Monday, February 14, 2011


“It is one of the commonest of mistakes to consider that the limit of our power of perception is also the limit of all there is to perceive.”

- C.W. Leadbeater

I had a brief conversation with someone earlier today (you know who you are). It made me pause and think and reflect, mostly on blogging.

I started this blog because I thought it would be a fun, creative way to document our lives with our 2 little ones. I am able to post pictures and keep an ongoing journal of the daily happenings. But, this blog is not the whole picture. Our life is full and happy, but far from perfect. My daily routine often consists of whining children (and sometimes adults), diffusing a temper tantrum, constant messes and what seems like mountains of laundry. I do not like to cook and often don't, and most of the time I feel guilty about it (something I need to work on). Sometimes, I'm painfully shy and uncomfortable in social situations and until recently wouldn't order anything from the deli counter. However, I have happy, well-adjusted and healthy children who make my days full and worth waking up every morning. They are kind-hearted, silly, smart kids who constantly make us laugh.
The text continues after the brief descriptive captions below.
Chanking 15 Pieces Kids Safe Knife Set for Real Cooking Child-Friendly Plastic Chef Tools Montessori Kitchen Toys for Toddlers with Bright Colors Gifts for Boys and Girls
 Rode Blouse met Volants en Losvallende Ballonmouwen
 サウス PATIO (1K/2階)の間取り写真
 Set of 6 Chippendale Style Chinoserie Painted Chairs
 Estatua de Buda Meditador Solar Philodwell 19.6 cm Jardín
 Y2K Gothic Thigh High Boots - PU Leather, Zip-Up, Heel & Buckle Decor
I have a husband who laughs with me, stays grounded when I go a little astray and loves me unconditionally, even in spite of my bad cooking.

I then started thinking about myself and how I perceive others through their blogs: "Look how beautiful her house is! What a great wardrobe she has! I wish my pictures would look like that!" I enjoy going through my list of blogs everyday, but, I must admit, sometimes I have a bit of blogger's envy....

Don't get me wrong, I am grateful every single minute of the day for my blessings, but I am constantly striving for better. And, while it may be good to work towards bigger and better goals, it's important to keep things in perspective and do so while being content in the moments taking place right before your very eyes.

It's not the whole picture...on my blog or anyone else's. I choose to write about the things that make me happy. Generally, making a craft with Little Miss or watching E move to the next level belt in Tae Kwan Do rank higher than conquering the mountain of laundry, but that's just me. Someone else may rank those things in a different order....

“We tend to forget that happiness doesn't come as a result of getting something we don't have, but rather of recognizing and appreciating what we do have.”